◆ TASK ITEM
Exactly as they stand, copy the lines from the one containing "MARQUE 27 TOURY" to the final line of the data; leave out the pictures.

** DATA TO USE follows **

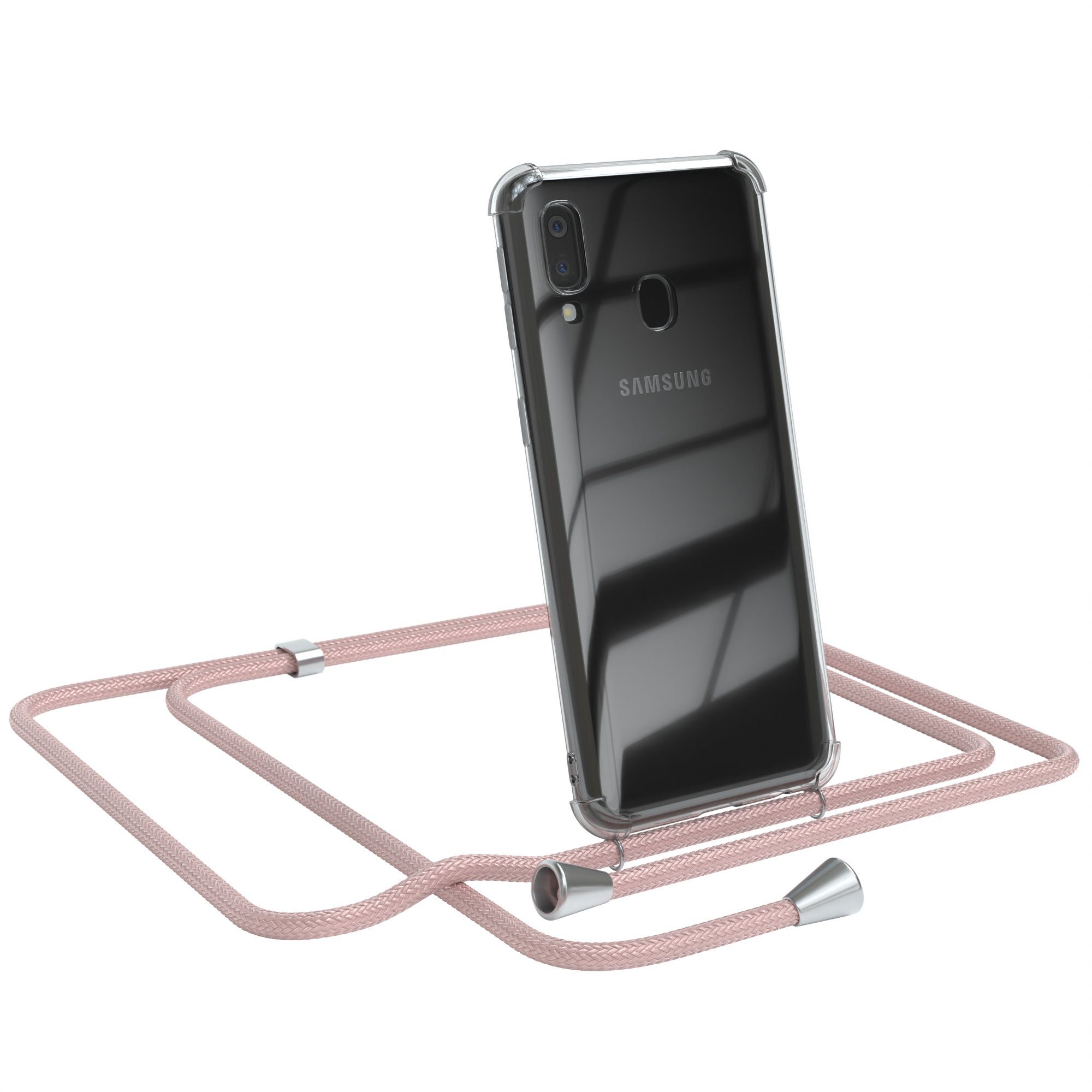 EAZY CASE Handykette Hülle mit Kette für Samsung Galaxy A40 5,9 Zoll, Slimcover Festival Hülle Band Handyketten Umhängehülle Altrosa Rosé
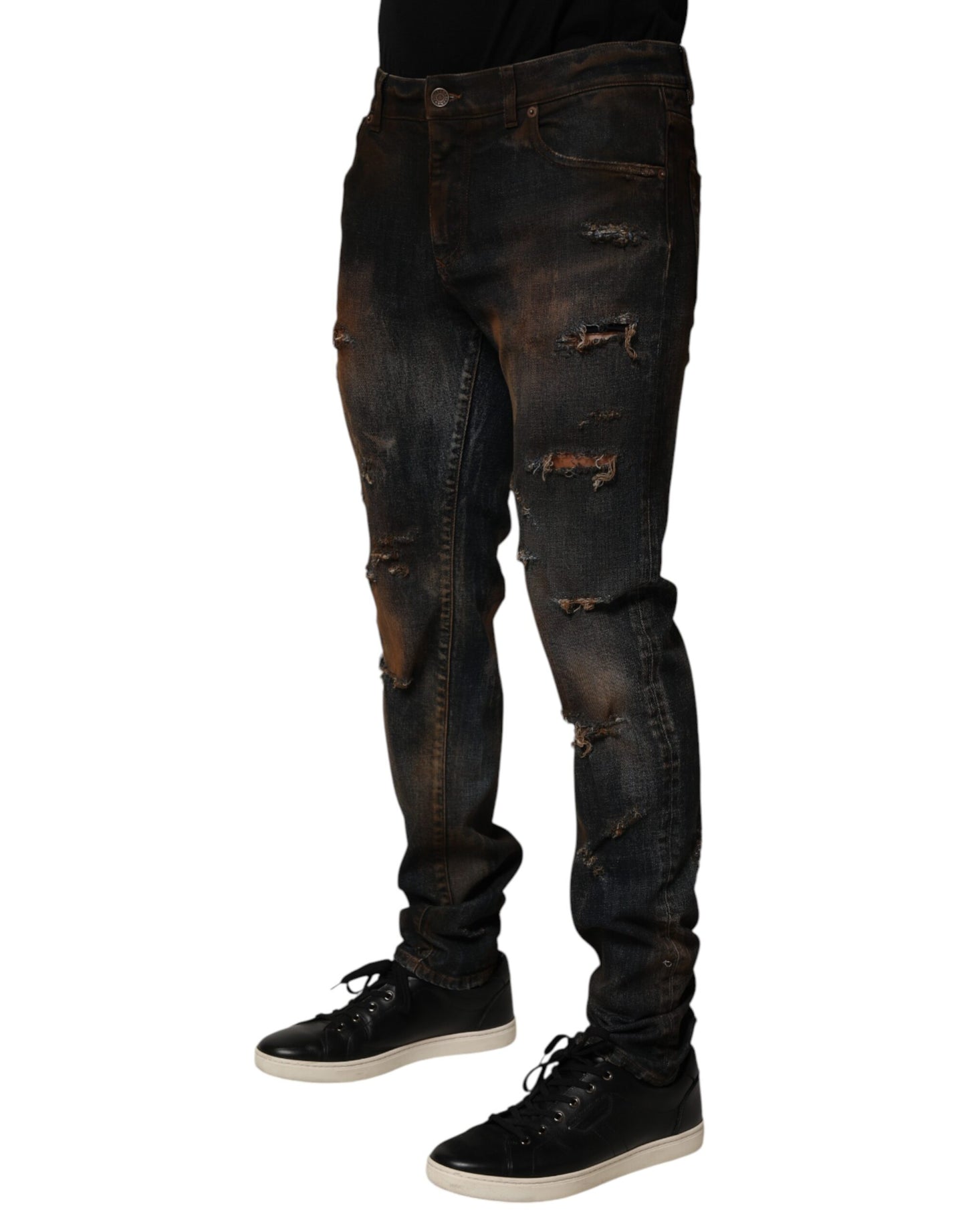 Dolce &amp; Gabbana Schwarze Skinny-Jeans aus zerfetzter Baumwolle für Herren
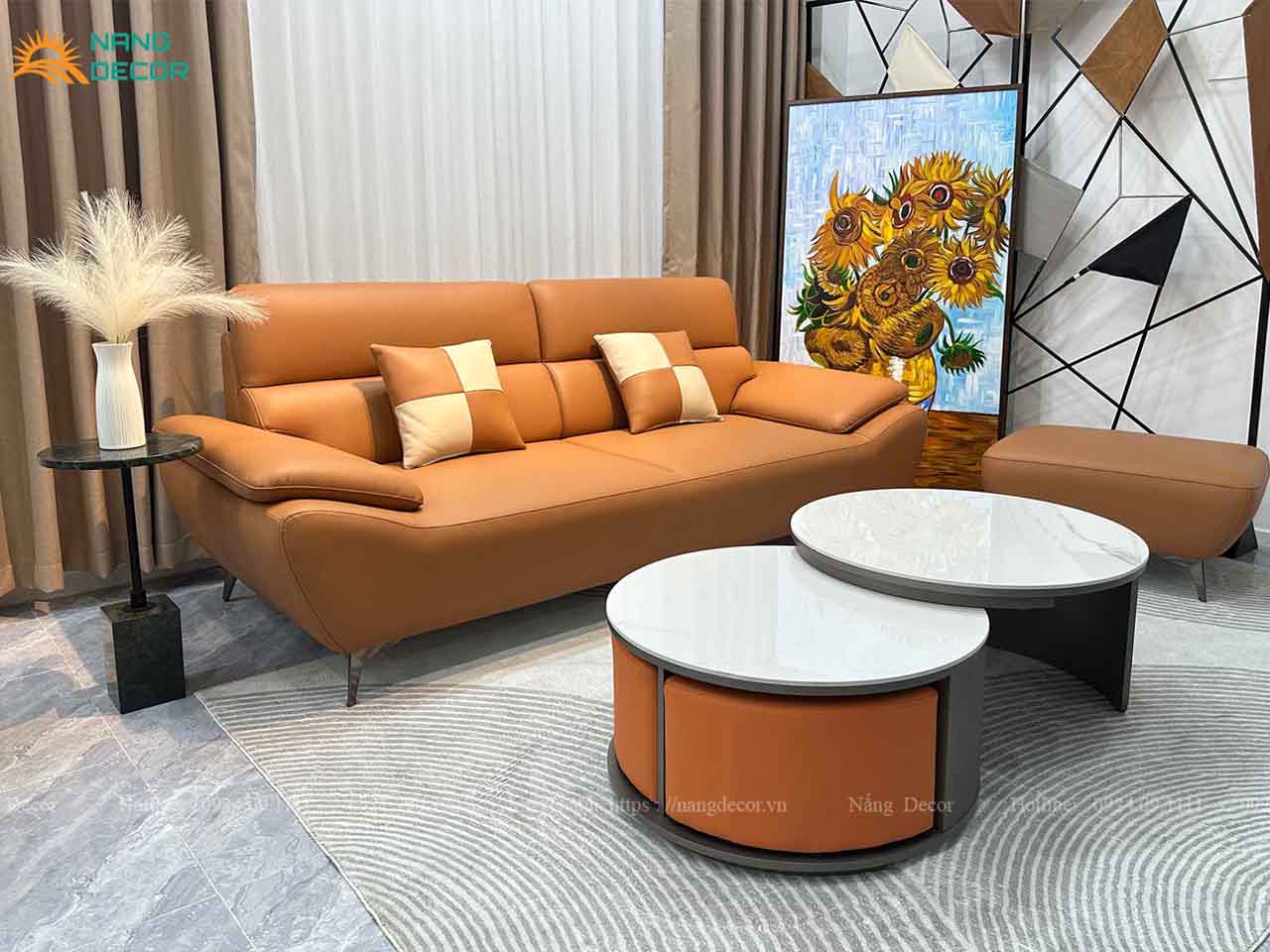 Ghế sofa băng da microfiber 2m4 chống mực tại Nắng Decor.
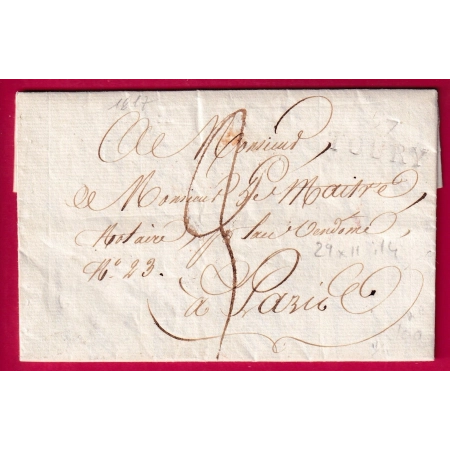 MARQUE 27 TOURY EURE ET LOIRE 1817 POUR PARIS INDICE 14 LETTRE COVER FRANCE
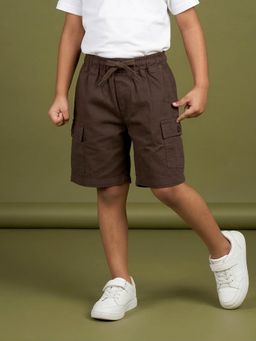KiddoPanti - Boys Cotton Twill Woven Cargo Shorts With 2 Side Cargo Flap Pocket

** End of DATA TO USE **

◆ SOLUTION
 MARQUE 27 TOURY EURE ET LOIRE 1817 POUR PARIS INDICE 14 LETTRE COVER FRANCE
KiddoPanti - Boys Cotton Twill Woven Cargo Shorts With 2 Side Cargo Flap Pocket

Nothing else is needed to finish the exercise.